(Source data)
☆ ☆ ☆ ☆ ☆
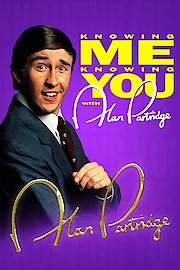 Alan Partridge Knowing Me, Knowing You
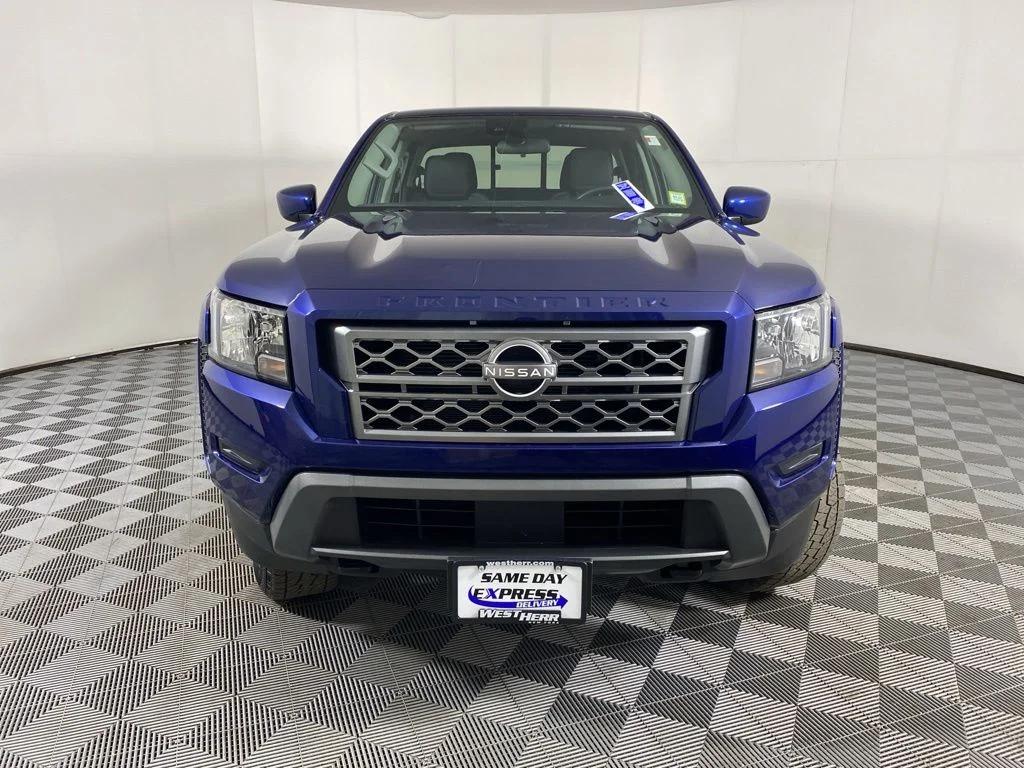 nissan frontier 2022 1N6ED1EK2NN629440 image nissan frontier 2022 1N6ED1EK2NN629440 image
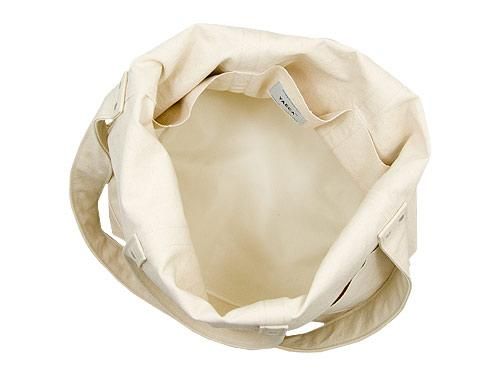 YAECA ツールバッグ L NATURAL【43962】 YAECA 通販・取扱い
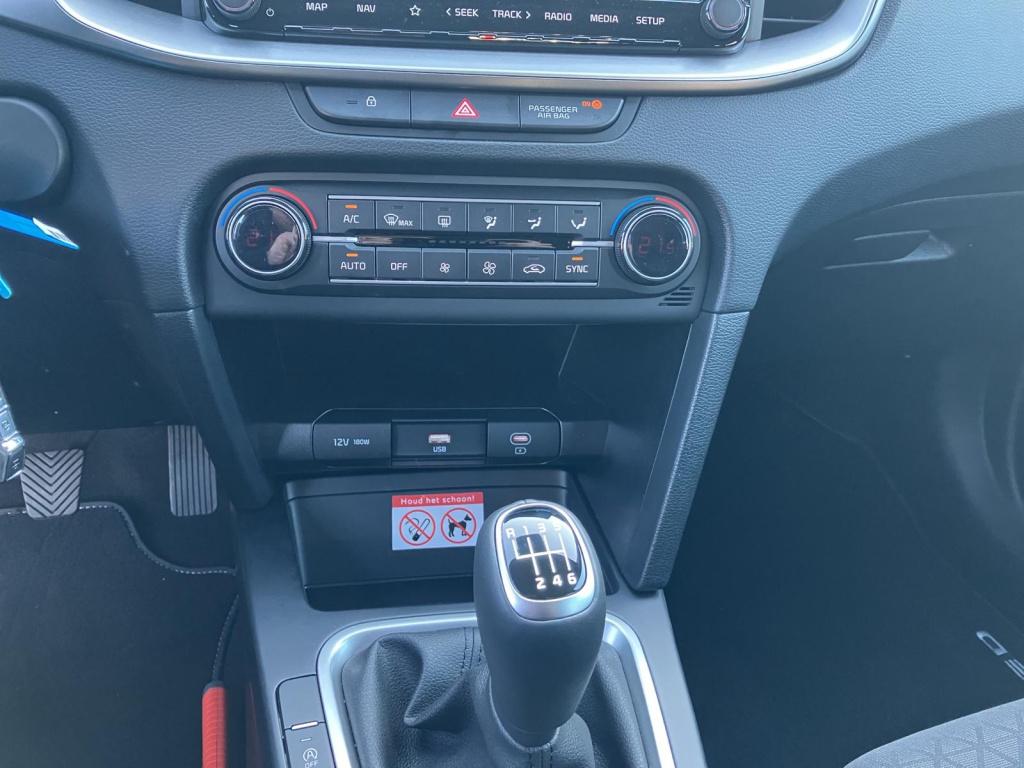 Kia Ceed Sportswagon 1.0 t-gdi comfortline | 10 jaar garantie | sportvelgen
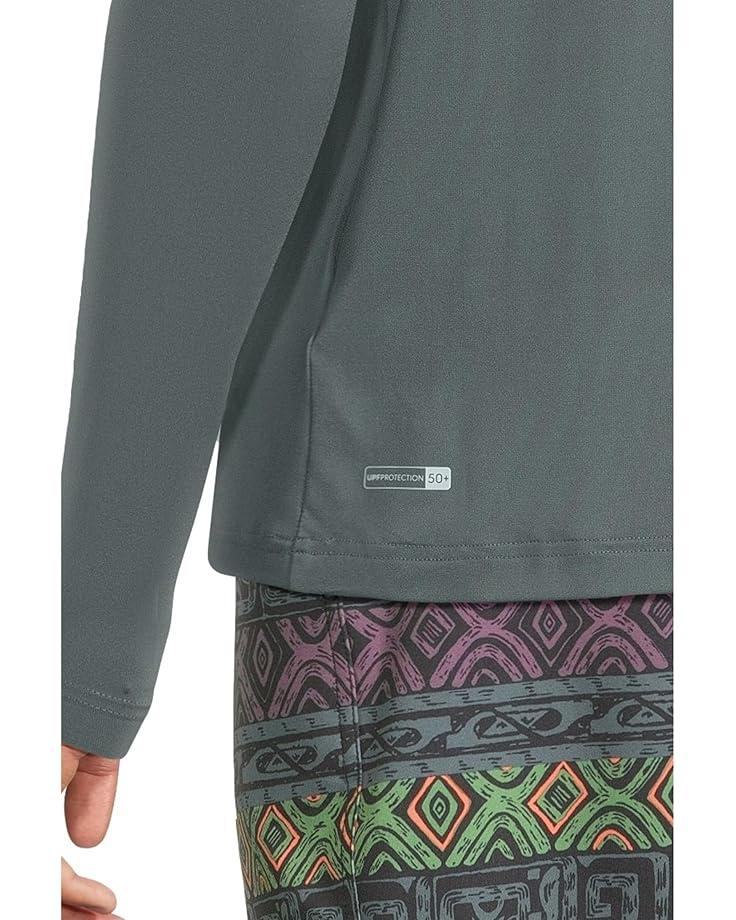 6pm Quiksilver Everyday Surf Tee Long Sleeve Surf Tee Men's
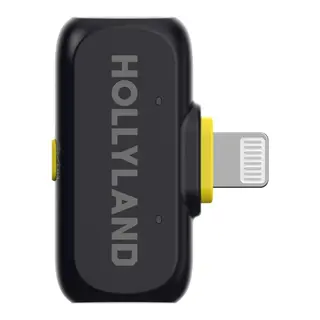 Hollyland LARK A1 Mini Duo Med Lightning RX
☆ ☆ ☆ ☆ ☆
**WHAT IS NEEDED:**
Output all of the records word for word, and keep the pictures out of the copy.

**SOLVED PROBLEM:**
 Alan Partridge Knowing Me, Knowing You
 nissan frontier 2022 1N6ED1EK2NN629440 image nissan frontier 2022 1N6ED1EK2NN629440 image
 YAECA ツールバッグ L NATURAL【43962】 YAECA 通販・取扱い
 Kia Ceed Sportswagon 1.0 t-gdi comfortline | 10 jaar garantie | sportvelgen
 6pm Quiksilver Everyday Surf Tee Long Sleeve Surf Tee Men's
 Hollyland LARK A1 Mini Duo Med Lightning RX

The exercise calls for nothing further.